Monday, September 10, 2012

Empathicism - Painting Outside the Lines


By Ross Allen

"Abraham's Anguish" - A man succumbed by anguish.
Looking at paintings by the masters of old, you can't help but see how their style and impact has echoed through the ages.  The strokes, subjects and execution shown in their bodies of work created inspirational principles that artists have carried and passed for hundreds of years.

From various times, movements and styles, painters have been immortalized through their transference of the passion they feel in their lives; The pain and anguish of Van Gogh's psychosis bleeds onto the canvas, forming bright and heavy color swirls of movement and life, giving the viewer the power and passion (and perhaps even joy) required to appreciate his "Wheat Field with Crows."   With "Empathicism," creator LORD TOPH imbues traces of his predecessors through visceral depictions of emotion that lays claim to a new style, by paying attention to the styles before it.

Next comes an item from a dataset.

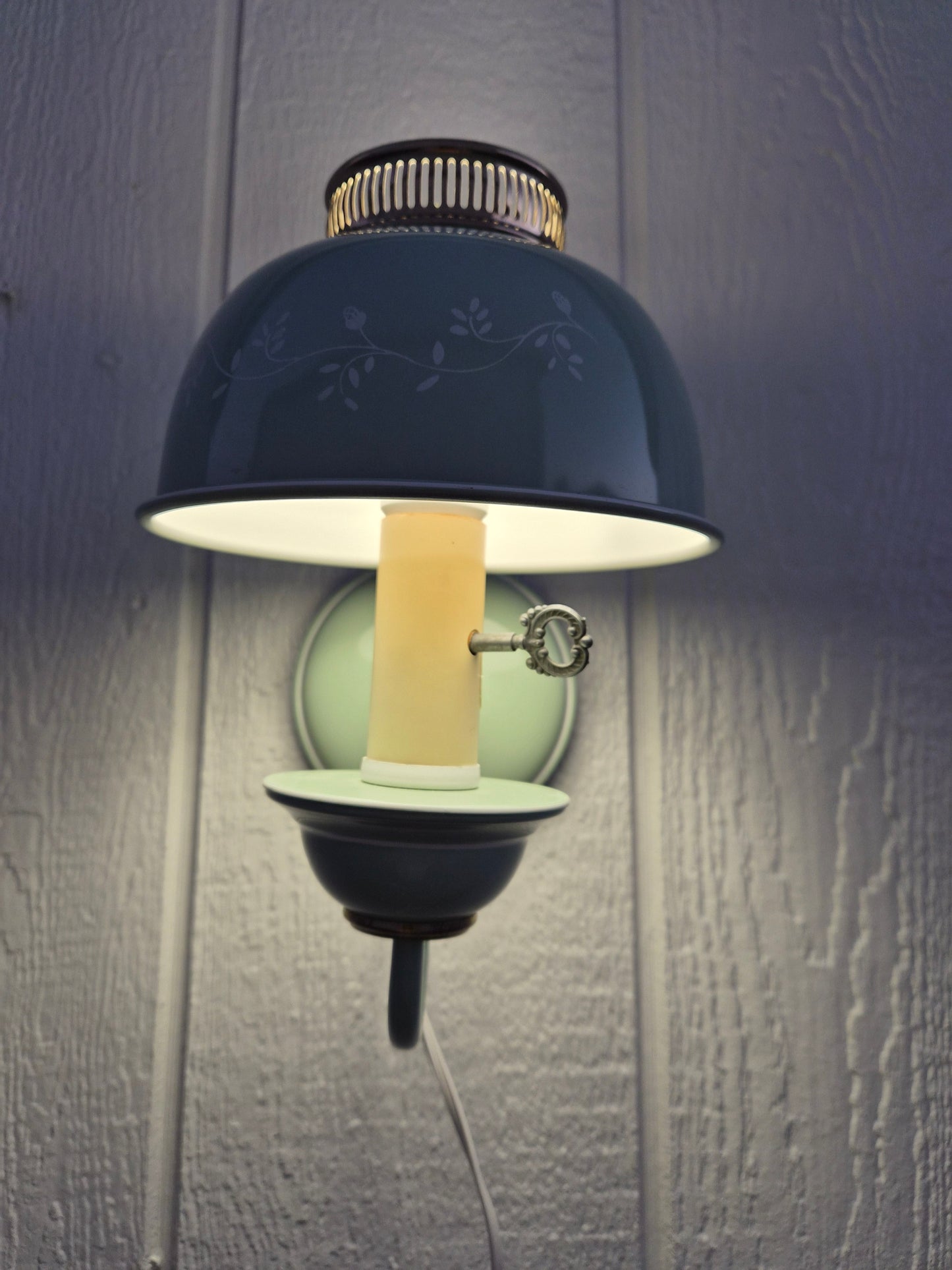 Toleware Mint Green Wall Sconce Light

Style is usually depicted with a tangibly evident formula.  Much like a martial art, there is movement, formation, philosophy, execution, and even an expected range of outcome.  Empathicism began with the combination of various styles (expressionism, impressionism, abstraction, to name a few), culminating in each style supporting the framework in the philosophy of its visual empathy; to convey specific emotions to the viewer, every time.  As we all feel the same emotions, the same emotion can affect each person differently.  Empathicism allows for the potency of other styles to reflect visual emotion, as multiple feelings can be experienced from one depicted emotion, as well as its inherited styles.

Take for instance LORD TOPH's painting, "Abraham's Anguish," the first painting of the "Expressions of Empathy" series, and the first painting of Empathicism.  This painting portrays a man named Abraham (no direct connection to the biblical Abraham) who is personified by his own tormenting anguish.  Monochromatic colors of blue, purple and green swirl and surround Abraham, whose face encompasses almost the entire painting.  Before I get any more descriptive into the underlying context and the all out formula of the painting (and I can) it is most important for me to accredit this work to another poignant piece in artistic foundation; Edvard Munch's "The Scream."

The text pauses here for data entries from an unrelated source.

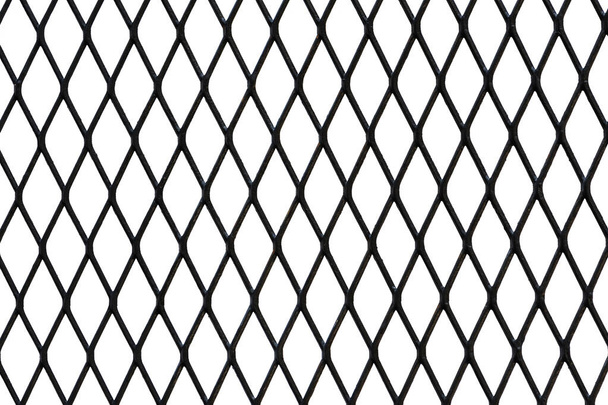 Κοντινό συρμάτινο πλέγμα ή σχάρα μεταλλικό φράχτη απομονώνονται σε λευκό φόντο. (Κλιπ διαδρομή) - Φωτογραφία, εικόνα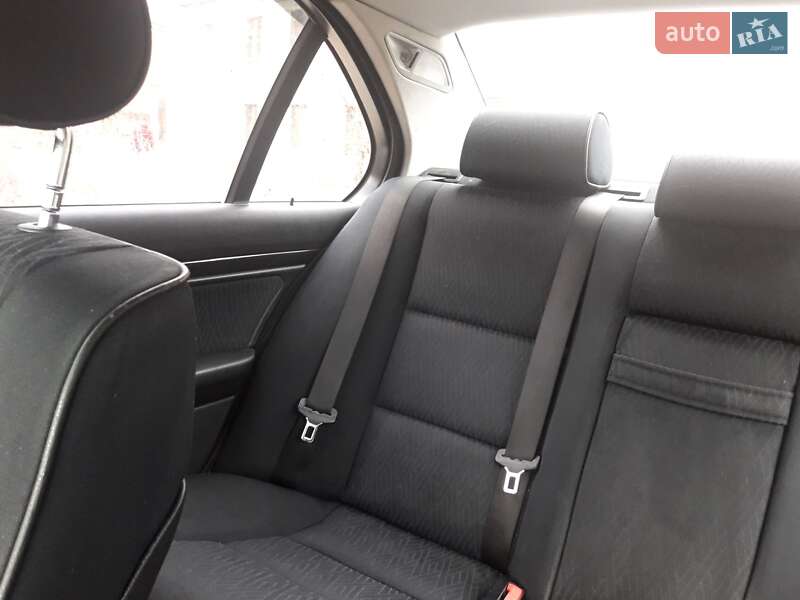 Седан BMW 5 Series 2002 в Запоріжжі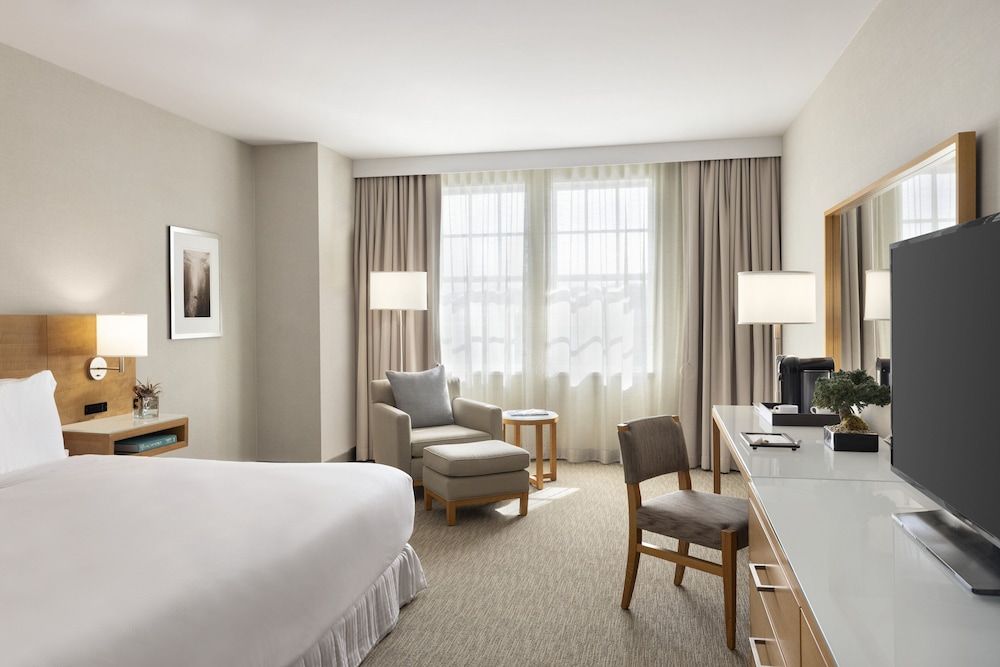 InterContinental the Clement Monterey by IHG Classic Room, 1 King Bed 2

Edvard Munch's creation of "The Scream" came from his evening walk on a bridge overlooking Oslofjord, Norway.  According to Munch himself, he was walking with his friends, when he stopped to witness what he heard was "Nature's Scream.". The now painting shows the blood red sunset covering the skyline, depicting the bloodshed of nature and the ominous figure (perhaps a personification of Munch himself or Nature) in complete and utter fear and agony - a tell-tale sign of Empathicism indeed.

LORD TOPH's "Abraham's Anguish" was not directly influenced by "The Scream." Yet, like Munch, LORD TOPH concentrates on various styles, influences and emotion to convey a specific emotion that encompasses both the painting and the viewer.  Both paintings carry an abstraction in execution to exemplify the potency of emotion.  Both paintings show the subject in distress and anguish, giving a human perspective that directly connects us with the paining.  Both paintings also use a color application that psychologically articulates the mood and tone of their worlds.  So why would "Abraham's Anguish" not simply be a form of Expressionist painting, such as Munch's "The Scream?"

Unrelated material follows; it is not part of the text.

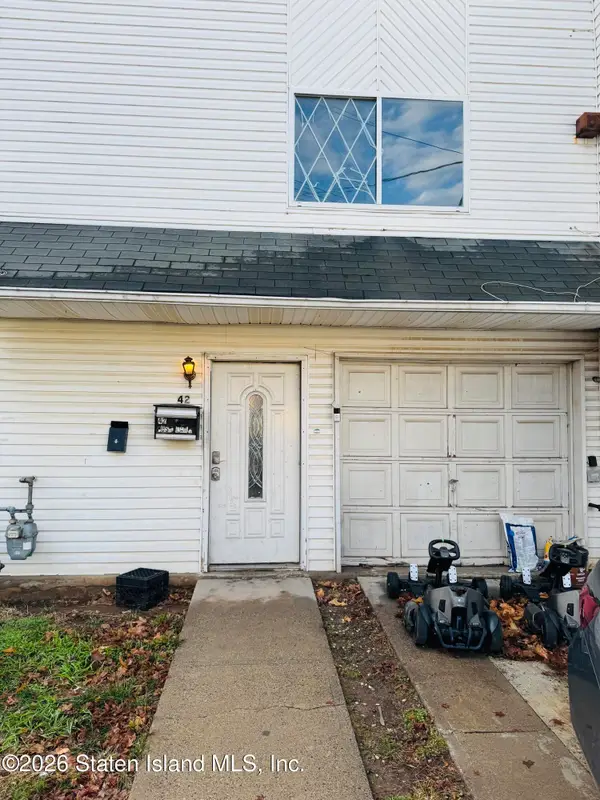 42 Post Lane, Staten Island, NY 10303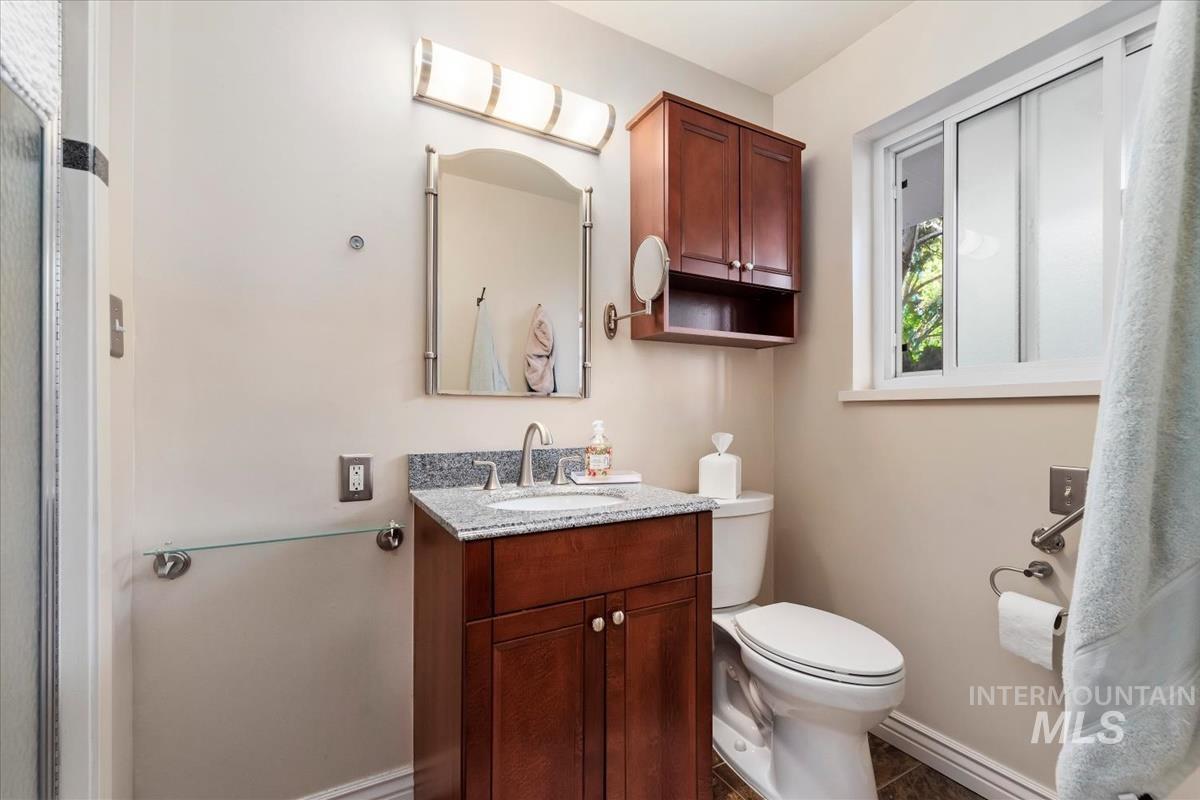 2027 N Amber St, Boise, Idaho 83706, 4 Bedrooms, 3.5 Bathrooms, Residential For Sale, Price $825,000,MLS 98991852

Keep in mind, Munch didn't initially create "The Scream" as a precursor or even a starting point for Expressionism.  He was a powerful enough painter and individual to portray life devoid of the lines and boundaries that we use to describe it.  Through the power of emotion, color, and human relation, a foundation for artistic connection was born, separated from reality.  LORD TOPH's founding of Empathicism creates artistic freedom specified by emotion and communicative direction.  If you see aspects of Expressionism, impressionism, Kandinsky, Klimt, or even Munch, any and all aspects serve to tell the underlying story of emotion.  It may be the "Style of no Style" philosophy, of simply LORD TOPH's unconscious deliberation of the masters before him.
And if so, I don't think they would mind - what would be the point of their legacy, if they did?